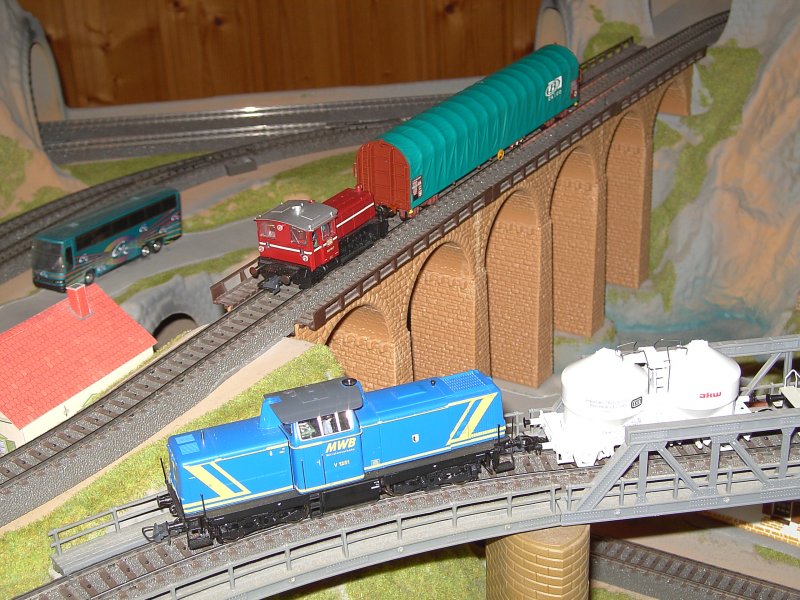 Die BR 332 015 und die MWB 100 treffen sich auf der Gebirgsbahn.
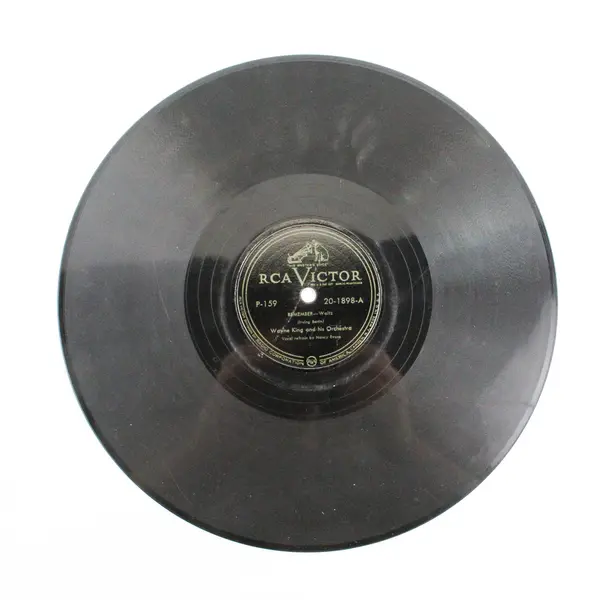 Wayne King & His Orchestra  Remember/A Pretty Girl Is Like A Melody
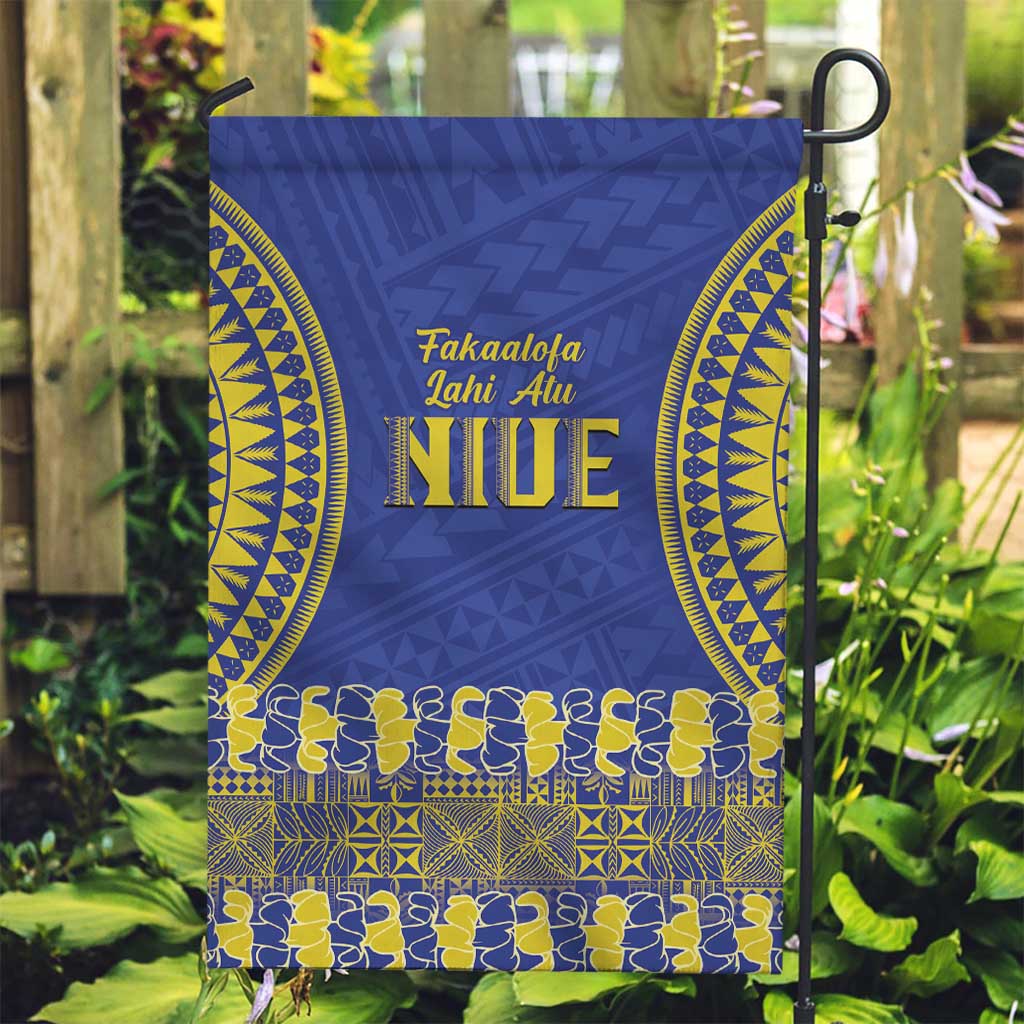 Fakaalofa Lahi Atu Niue Garden Flag Siapo Pattern With Puakenikeni LT14 Garden Flag Blue - Polynesian Pride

> _About this task_
Apart from its pictures, the material above should be repeated exactly.

> _Problem solution_
 Die BR 332 015 und die MWB 100 treffen sich auf der Gebirgsbahn.
 Wayne King & His Orchestra  Remember/A Pretty Girl Is Like A Melody
 Fakaalofa Lahi Atu Niue Garden Flag Siapo Pattern With Puakenikeni LT14 Garden Flag Blue - Polynesian Pride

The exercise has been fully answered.